Yale v Poor

I don’t feel sorry for the poor because Yale is coming after them for the money they owe. I feel sorry for the poor for ever going to Yale in the first place.

Tuition, fees, room and board total over $55,000 this academic year. Who among you think it’s a good idea to graduate into this economy with a $200,000 anchor around your neck? You’d have to steam a lot of milk to pay off that debt.

Needy U.S. borrowers are defaulting on almost $1 billion in federal student loans earmarked for the poor, leaving schools such as Yale University and the University of Pennsylvania with little choice except to sue their graduates.

The record defaults on federal Perkins loans may jeopardize the prospects of current students since they are part of a revolving fund that colleges give to students who show extraordinary financial hardship.

Yale, Penn and George Washington University have all sued former students over nonpayment, court records show.
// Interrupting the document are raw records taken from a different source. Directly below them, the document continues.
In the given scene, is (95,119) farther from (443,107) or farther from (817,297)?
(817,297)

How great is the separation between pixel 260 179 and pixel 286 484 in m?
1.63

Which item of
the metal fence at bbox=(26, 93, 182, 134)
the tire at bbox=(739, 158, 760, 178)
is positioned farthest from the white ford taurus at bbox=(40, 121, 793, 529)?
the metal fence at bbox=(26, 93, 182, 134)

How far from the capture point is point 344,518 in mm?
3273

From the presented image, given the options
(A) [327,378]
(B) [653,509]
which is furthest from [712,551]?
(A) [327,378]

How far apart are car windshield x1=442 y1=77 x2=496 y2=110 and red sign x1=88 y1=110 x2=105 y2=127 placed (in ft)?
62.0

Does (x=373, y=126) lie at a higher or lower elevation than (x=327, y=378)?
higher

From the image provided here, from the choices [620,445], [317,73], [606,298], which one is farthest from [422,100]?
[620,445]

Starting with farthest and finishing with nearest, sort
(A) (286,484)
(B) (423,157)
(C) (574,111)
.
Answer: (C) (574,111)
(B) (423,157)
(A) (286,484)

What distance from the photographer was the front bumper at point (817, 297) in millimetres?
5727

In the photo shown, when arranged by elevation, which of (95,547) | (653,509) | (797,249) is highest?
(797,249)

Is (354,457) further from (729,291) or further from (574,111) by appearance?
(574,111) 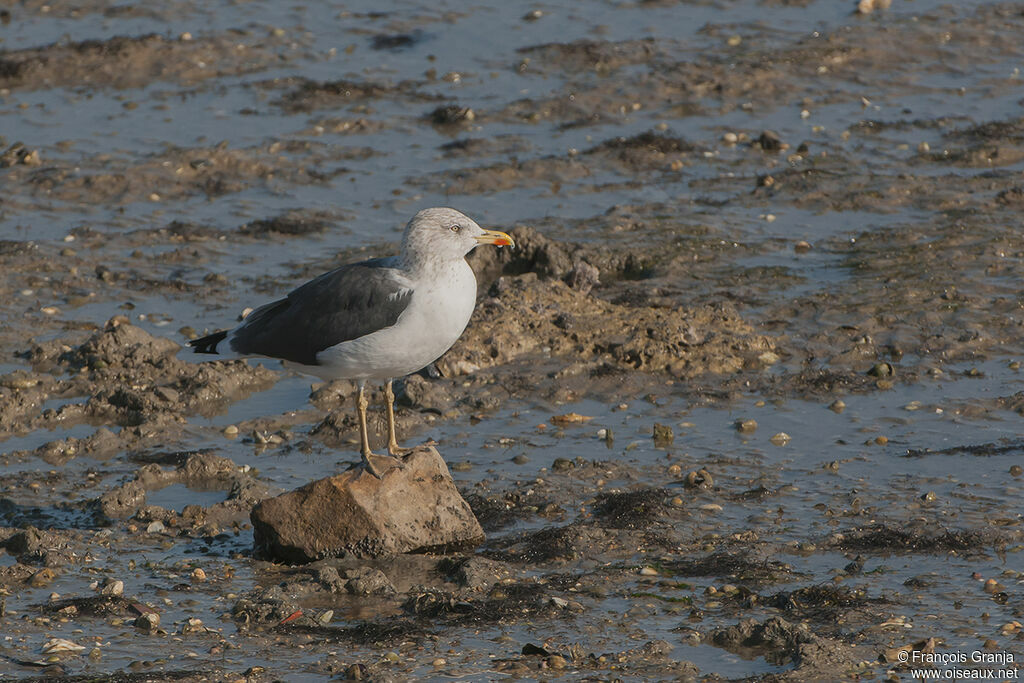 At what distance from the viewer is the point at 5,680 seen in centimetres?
609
While no one tracks the number of lawsuits, students defaulted on $964 million in Perkins loans in the year ended June 2011, 20 percent more than five years earlier, government data show. Unlike most student loans — distributed and collected by the federal government — Perkins loans are administered by colleges, which use repayment money to lend to other poor students.

So, when some deadbeat (sorry, “needy borrower”) can’t make the payments, it’s the next generation of deadbeat who suffers. I sense a certain justice in that. As long as you and I aren’t on the hook.

Oh wait…

The increase in the amount of defaulted loans among poor students comes as President Barack Obama says he wants to expand access to college for working-class families and increase funding for the Perkins program. Under his proposal, the pot for Perkins loans would increase to $8.5 billion from about $1 billion. The Education Department would service the loans instead of colleges.
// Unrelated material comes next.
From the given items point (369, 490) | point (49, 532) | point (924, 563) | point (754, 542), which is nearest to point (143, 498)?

I am not here to bash the poor. Judging from his actions, however, President Obama is. His policies do nothing but cripple a robust private sector. In fact, he appears to want to do away with it entirely (as with the loans, above). Why expand a failed program—a program that punishes the poor under the guise of helping them—by 8.5 times?

Because you and I are on the hook for it, that’s why. Same rationale for ObamaCare, for tax rates, for just about everything.

EHC, as Aggie would say: Elections Have Consequences.